### Task goal
Only the pictures are to be left out; please reproduce everything else in the data exactly.
Segment Start: Collected material
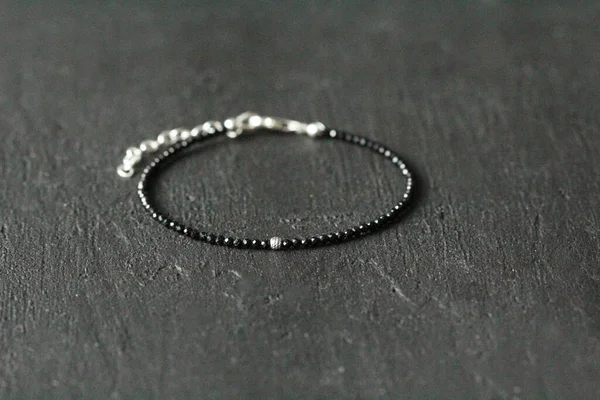 Black Spinel Gelang Perak Tipis Tourmaline Gelang Yang Terbuat Dari — Stok Foto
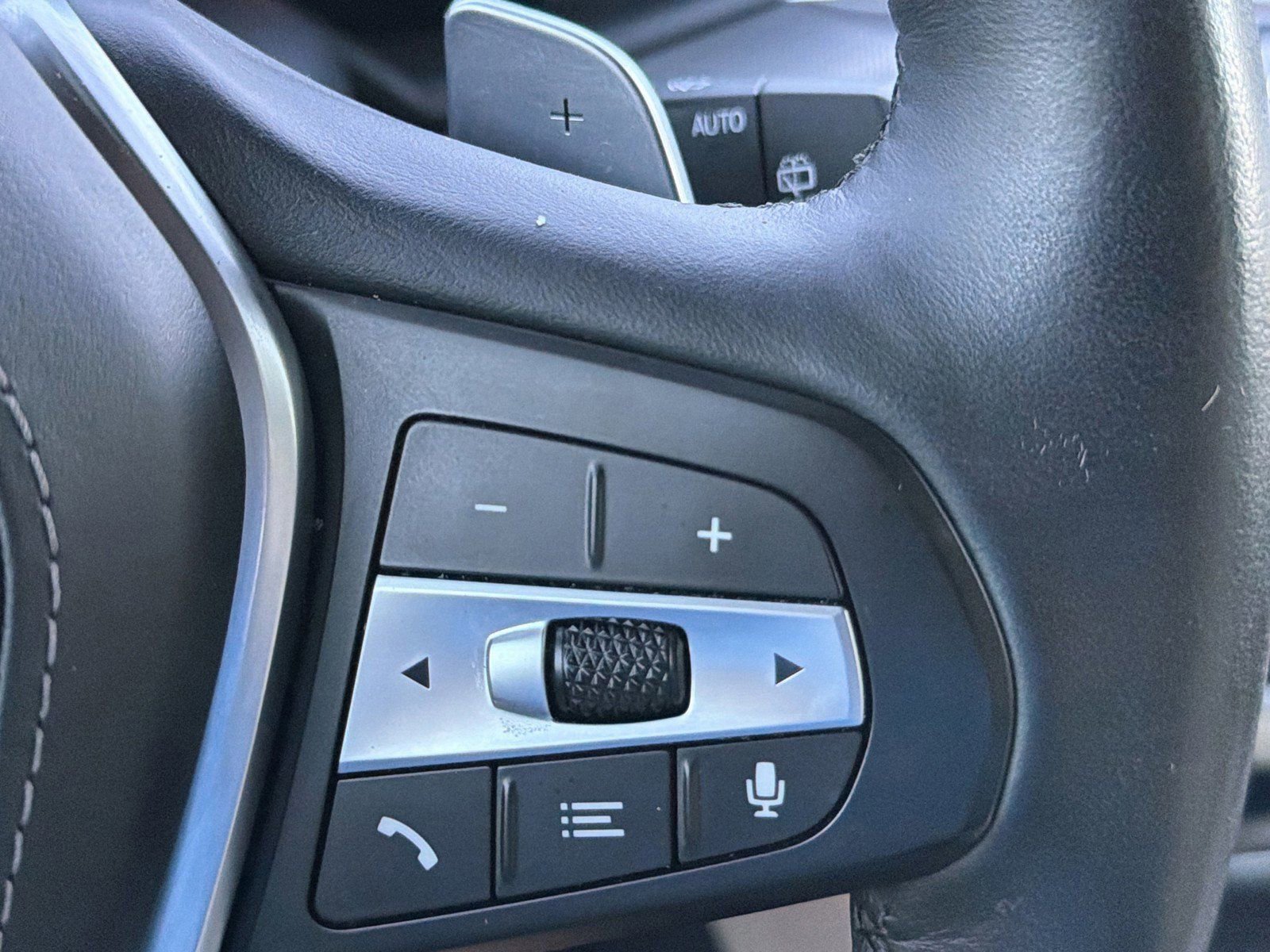 Used 2019 BMW X5 xDrive40i w/ Convenience Package AWD/4WD image 32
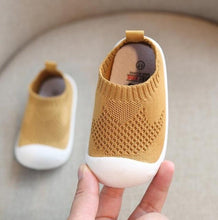 Load image into Gallery viewer, 'Booney' Mesh Comfort Toddler Sport Sneaker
Segment End: Collected material
### Output of the task
 Black Spinel Gelang Perak Tipis Tourmaline Gelang Yang Terbuat Dari — Stok Foto
 Used 2019 BMW X5 xDrive40i w/ Convenience Package AWD/4WD image 32
 Load image into Gallery viewer, 'Booney' Mesh Comfort Toddler Sport Sneaker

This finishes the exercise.